Son las palabras con las que terminaba el padre Raniero Cantalamessa O.F.M.Cap., en la mañana de este viernes, la última meditación de esta Cuaresma que pronunció ante Benedicto XVI y sus colaboradores de la Curia Romana, una reflexión cuyo núcleo fue el «corazón» humano y su conversión.

Con un tono fuertemente contemplativo, el religioso invitó a los presentes caminar al Calvario y entrar en «la Pasión del alma de Jesús» –«mucho más dolorosa que la del cuerpo»–, desvelando, uno a uno, todos los elementos que confluyeron en ella.

Así, se meditó desde la «soledad» que padeció –que «alcanza el culmen en la cruz, cuando Jesús, en su humanidad, se siente abandonado hasta del Padre»– hasta «la humillación y el desprecio» que rodearon a Cristo.

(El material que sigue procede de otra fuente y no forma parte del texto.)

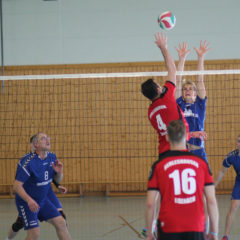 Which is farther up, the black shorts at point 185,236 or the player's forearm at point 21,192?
the player's forearm at point 21,192

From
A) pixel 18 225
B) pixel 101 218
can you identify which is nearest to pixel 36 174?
pixel 18 225

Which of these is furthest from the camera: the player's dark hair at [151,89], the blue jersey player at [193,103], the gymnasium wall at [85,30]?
the gymnasium wall at [85,30]

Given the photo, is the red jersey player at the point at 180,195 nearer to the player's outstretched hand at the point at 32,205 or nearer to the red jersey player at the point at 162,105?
the red jersey player at the point at 162,105

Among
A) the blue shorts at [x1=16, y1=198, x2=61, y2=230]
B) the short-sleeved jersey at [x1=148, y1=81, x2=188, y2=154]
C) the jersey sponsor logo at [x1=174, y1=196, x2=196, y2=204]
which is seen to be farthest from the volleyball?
the jersey sponsor logo at [x1=174, y1=196, x2=196, y2=204]

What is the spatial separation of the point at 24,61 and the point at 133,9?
3.57 meters

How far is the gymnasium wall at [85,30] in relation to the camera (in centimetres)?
1241

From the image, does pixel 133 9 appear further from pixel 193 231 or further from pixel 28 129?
pixel 193 231

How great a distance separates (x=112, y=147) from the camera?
12.2 m

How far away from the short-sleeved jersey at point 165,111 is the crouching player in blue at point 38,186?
155 centimetres

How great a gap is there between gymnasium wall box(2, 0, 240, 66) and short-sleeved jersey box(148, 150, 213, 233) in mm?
9086

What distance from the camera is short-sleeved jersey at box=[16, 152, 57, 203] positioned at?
5789 mm

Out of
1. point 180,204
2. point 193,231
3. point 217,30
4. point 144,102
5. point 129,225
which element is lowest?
point 129,225

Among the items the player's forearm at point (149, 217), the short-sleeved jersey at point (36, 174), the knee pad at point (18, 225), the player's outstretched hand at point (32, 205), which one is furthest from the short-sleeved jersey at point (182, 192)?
the knee pad at point (18, 225)

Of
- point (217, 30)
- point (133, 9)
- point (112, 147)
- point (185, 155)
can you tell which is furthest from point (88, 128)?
point (185, 155) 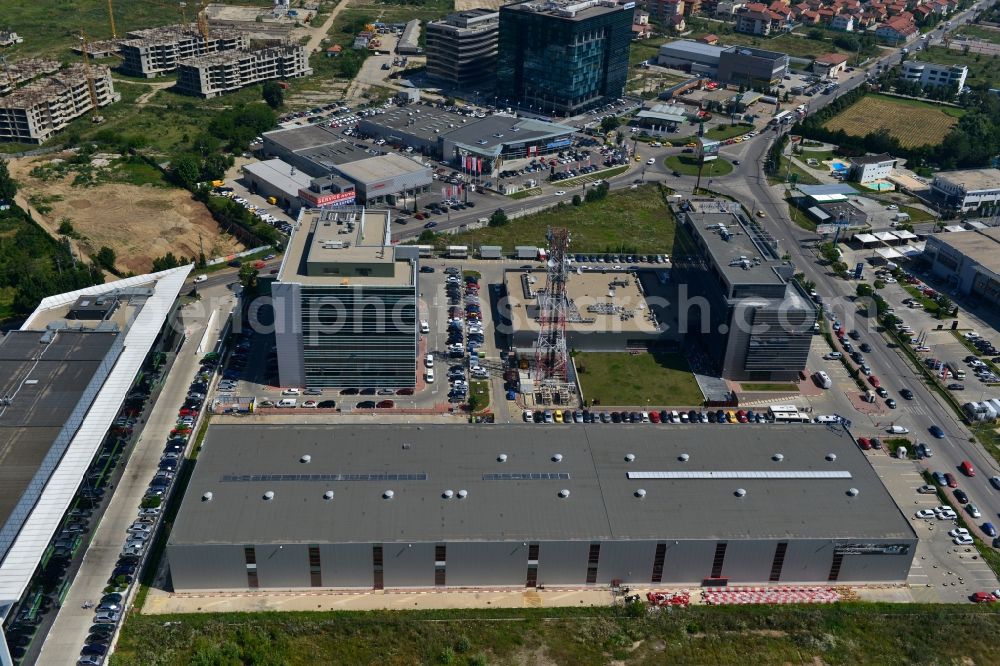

«Pero la pasión del alma del Salvador tiene una causa aún más profunda» –advirtió–: «en Getsemaní ruega para que se aparte de Él el cáliz. La imagen del cáliz evoca casi siempre, en la Biblia, la idea de la ira de Dios contra el pecado».

Y como Jesús carga con toda la impiedad del mundo, de forma que, según escribe San Pablo, es el hombre «hecho pecado», «es contra Él que “se revela” la ira de Dios», aclaró.

De ahí que «la infinita atracción que existe desde la eternidad entre Padre e Hijo es atravesada ahora por una repulsión igualmente infinita entre la santidad de Dios y la malicia del pecado, y esto es “beber el cáliz”», recordó el predicador del Papa en la capilla Redemtoris Mater del Palacio Apostólico.

En este punto invitó al Santo Padre y a la Curia a «pasar de la contemplación de la Pasión a nuestra respuesta a ella», pues como subraya el Apóstol Pablo, Jesús «fue entregado a la muerte “por nuestros pecados”».

Y «la Pasión inevitablemente nos es ajena mientras no se entra en ella por esa puertecita estrecha del “por nosotros”. Conoce verdaderamente la Pasión sólo quien reconoce que es también obra suya», advirtió el padre Cantalamessa.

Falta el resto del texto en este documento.